(Stored items from a collection)

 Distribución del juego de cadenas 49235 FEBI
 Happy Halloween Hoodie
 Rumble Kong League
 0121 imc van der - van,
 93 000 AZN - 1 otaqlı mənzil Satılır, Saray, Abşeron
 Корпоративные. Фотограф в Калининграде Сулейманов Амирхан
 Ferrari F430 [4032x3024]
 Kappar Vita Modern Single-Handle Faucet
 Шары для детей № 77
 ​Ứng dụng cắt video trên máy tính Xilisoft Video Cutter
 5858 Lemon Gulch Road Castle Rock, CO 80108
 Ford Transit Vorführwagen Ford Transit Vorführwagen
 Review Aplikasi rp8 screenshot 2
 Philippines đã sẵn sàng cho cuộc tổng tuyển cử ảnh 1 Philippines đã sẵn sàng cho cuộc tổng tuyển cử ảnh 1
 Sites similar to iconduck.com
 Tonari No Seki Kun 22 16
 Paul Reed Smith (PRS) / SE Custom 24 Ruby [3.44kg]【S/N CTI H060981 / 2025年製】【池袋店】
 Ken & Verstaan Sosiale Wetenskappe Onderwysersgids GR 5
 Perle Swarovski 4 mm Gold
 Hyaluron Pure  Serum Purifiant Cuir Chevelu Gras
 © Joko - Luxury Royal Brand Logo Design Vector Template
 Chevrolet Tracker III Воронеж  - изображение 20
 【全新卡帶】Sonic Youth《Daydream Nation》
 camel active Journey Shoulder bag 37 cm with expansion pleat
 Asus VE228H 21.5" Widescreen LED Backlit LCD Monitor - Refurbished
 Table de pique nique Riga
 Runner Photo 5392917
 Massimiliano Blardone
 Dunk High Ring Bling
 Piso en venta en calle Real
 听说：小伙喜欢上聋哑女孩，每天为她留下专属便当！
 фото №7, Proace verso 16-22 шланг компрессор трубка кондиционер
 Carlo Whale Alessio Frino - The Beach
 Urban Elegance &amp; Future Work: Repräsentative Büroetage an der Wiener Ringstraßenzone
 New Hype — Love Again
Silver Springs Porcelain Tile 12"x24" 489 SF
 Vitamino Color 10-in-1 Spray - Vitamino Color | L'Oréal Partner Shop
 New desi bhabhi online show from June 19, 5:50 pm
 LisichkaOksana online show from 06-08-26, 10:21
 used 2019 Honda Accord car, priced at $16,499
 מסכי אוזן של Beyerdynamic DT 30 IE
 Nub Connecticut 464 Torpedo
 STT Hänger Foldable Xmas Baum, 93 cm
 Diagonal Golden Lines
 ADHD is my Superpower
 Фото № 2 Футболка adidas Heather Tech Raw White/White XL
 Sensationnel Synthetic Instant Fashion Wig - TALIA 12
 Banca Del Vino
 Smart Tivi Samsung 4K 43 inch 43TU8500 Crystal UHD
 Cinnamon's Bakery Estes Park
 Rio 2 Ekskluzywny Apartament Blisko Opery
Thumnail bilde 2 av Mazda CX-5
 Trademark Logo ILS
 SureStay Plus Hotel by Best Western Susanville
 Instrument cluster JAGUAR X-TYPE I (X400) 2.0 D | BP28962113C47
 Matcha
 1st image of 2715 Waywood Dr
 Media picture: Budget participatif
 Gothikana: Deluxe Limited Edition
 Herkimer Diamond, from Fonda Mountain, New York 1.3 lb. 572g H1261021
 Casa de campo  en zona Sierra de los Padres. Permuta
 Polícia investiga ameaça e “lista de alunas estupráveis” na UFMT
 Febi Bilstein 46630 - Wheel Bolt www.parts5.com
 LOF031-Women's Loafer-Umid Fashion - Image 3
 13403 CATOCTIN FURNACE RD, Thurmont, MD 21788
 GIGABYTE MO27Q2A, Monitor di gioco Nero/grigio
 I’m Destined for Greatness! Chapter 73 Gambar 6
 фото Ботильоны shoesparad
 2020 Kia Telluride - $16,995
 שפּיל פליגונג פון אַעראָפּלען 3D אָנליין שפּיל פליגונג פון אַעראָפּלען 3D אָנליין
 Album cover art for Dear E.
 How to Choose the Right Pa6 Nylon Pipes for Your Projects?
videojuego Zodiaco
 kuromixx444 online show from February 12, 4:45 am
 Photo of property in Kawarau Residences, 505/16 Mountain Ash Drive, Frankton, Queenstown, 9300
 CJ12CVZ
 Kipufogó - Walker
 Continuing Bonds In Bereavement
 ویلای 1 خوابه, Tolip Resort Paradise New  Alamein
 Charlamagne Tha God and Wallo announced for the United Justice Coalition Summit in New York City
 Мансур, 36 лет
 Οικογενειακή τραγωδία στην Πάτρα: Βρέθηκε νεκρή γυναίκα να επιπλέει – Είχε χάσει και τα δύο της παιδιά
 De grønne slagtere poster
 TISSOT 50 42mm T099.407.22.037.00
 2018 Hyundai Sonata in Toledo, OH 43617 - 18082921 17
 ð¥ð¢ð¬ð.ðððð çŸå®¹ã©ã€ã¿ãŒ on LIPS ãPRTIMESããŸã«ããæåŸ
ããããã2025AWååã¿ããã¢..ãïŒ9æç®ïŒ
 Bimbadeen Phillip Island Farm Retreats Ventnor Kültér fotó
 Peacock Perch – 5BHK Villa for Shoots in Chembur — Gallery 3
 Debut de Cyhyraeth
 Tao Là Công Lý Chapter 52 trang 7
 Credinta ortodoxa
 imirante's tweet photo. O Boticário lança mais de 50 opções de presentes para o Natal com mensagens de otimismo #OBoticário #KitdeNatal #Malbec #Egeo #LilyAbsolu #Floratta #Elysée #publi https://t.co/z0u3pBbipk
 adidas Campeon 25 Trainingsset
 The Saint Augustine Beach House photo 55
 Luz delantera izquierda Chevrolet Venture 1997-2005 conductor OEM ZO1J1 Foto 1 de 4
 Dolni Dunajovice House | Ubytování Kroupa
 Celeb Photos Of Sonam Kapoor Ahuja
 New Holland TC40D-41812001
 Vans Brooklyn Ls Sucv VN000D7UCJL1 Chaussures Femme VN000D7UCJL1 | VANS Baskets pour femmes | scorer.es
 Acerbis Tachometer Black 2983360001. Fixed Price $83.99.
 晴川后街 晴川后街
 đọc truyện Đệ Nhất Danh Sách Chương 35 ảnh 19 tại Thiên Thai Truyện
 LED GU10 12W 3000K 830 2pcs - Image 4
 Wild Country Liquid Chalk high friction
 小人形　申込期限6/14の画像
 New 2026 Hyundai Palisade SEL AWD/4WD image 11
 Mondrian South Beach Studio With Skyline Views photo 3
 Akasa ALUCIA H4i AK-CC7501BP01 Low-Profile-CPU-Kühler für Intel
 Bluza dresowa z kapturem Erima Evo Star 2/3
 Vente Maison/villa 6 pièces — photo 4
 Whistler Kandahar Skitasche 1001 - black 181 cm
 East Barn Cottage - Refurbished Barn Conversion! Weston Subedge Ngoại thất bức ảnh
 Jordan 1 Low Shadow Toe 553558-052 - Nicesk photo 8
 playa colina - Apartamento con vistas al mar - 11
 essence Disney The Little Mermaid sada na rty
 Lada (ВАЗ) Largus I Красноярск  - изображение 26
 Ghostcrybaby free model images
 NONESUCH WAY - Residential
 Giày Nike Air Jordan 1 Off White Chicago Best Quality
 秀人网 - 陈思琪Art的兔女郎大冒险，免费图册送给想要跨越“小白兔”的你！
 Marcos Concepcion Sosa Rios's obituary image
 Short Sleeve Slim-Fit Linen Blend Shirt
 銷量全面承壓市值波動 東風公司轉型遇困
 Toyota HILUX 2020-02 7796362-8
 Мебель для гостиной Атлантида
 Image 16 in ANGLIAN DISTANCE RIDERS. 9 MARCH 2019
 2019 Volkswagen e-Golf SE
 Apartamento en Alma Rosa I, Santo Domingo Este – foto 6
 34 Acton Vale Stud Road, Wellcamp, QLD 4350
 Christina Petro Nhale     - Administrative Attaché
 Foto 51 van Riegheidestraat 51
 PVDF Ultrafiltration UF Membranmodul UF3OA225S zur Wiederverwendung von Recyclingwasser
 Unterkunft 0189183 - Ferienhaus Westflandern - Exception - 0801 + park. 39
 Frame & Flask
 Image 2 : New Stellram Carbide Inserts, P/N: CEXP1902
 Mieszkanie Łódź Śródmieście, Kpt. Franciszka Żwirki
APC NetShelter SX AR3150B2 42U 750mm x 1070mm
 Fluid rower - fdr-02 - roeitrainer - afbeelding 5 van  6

▸ **What to do**:
Every line of the data above that includes "Logo" should be listed.

▸ **Answer to this problem**:
 © Joko - Luxury Royal Brand Logo Design Vector Template
 Trademark Logo ILS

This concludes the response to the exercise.